Great, very helpful. Thank you.

Sure.

Thank you for the question. Jim, I have two related inquiries regarding capacity in Safety Assessment and the newer CDMO capabilities. I'm interested in your comments about clients booking further in advance of actual work in Safety Assessment, and how you are assessing capacity. Based on current trends, do you anticipate needing to increase capacity? I understand that matching supply and demand in Safety Assessment can be challenging. As for the second question about CDMO, you mentioned last quarter that you would evaluate the need for additional capacity there. I'm curious if you have any updates on the CDMO footprint since that comment.

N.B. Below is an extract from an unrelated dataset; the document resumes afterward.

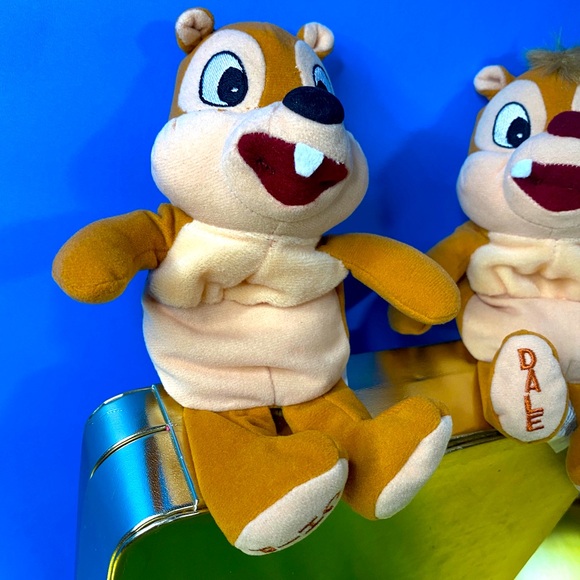 DISNEY EXCLUSIVE NWOT VTG 90s CHIP & DALE COLLECTIBLE RETIRED BEAN BAG PLUSH - Picture 6 of 10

Sure. We have been gradually increasing our capacity each year for several years, likely seven or eight. The Safety Assessment business started recovering in 2013 after flattening out in 2012. Since we have multiple Safety Assessment sites, we can't simply add capacity in one location or concentrate it all in the U.S. or Europe. We have added at least half a dozen sites based on client demand and how the current space is utilized, along with market projections. We've always managed this, including adding capacity in 2020 and planning for next year and possibly 2023. We're monitoring demand closely, which is exceeding our original estimates, and we may need to make slight adjustments to our capacity this year. If that happens, it will be minimal. Those worried about our capital expenditures should not be concerned, as we have a high-growth business that requires sufficient capacity to manage this growth. We appreciate clients booking earlier, which makes the process more orderly. While pricing is still a factor for clients, they seem more focused on the science and securing their slots. Maintaining tight capacity helps our margins, but we must be careful not to run out of space and turn clients away, which is a balancing act we are skilled at. We are currently increasing capacity and plan to continue doing so throughout the year, potentially ramping it up more if we see sustained demand. In the CDMO area, specifically with Cognate and cell therapy manufacturing, we have already added capacity. We need to continue expanding for next year based on client demand and the specifics of that demand, such as whether clients are in Phase II or III and if they are preparing for commercial launch. We have enough capacity for this year and likely early next year, but we will add more as needed. Capacity and headcount are our constraints, not demand, which is a positive situation for us. Having sufficient space is a matter of careful planning and funding, and we need to start that planning early because building space takes time. Toxicology space can take around 18 months to two years, while CDMO space may take nine to twelve months. We need to build the required space and hire and train the workforce in advance to ensure we can meet demand without falling short. At the same time, we must avoid having excessive space or idle personnel. It's a continual balancing effort.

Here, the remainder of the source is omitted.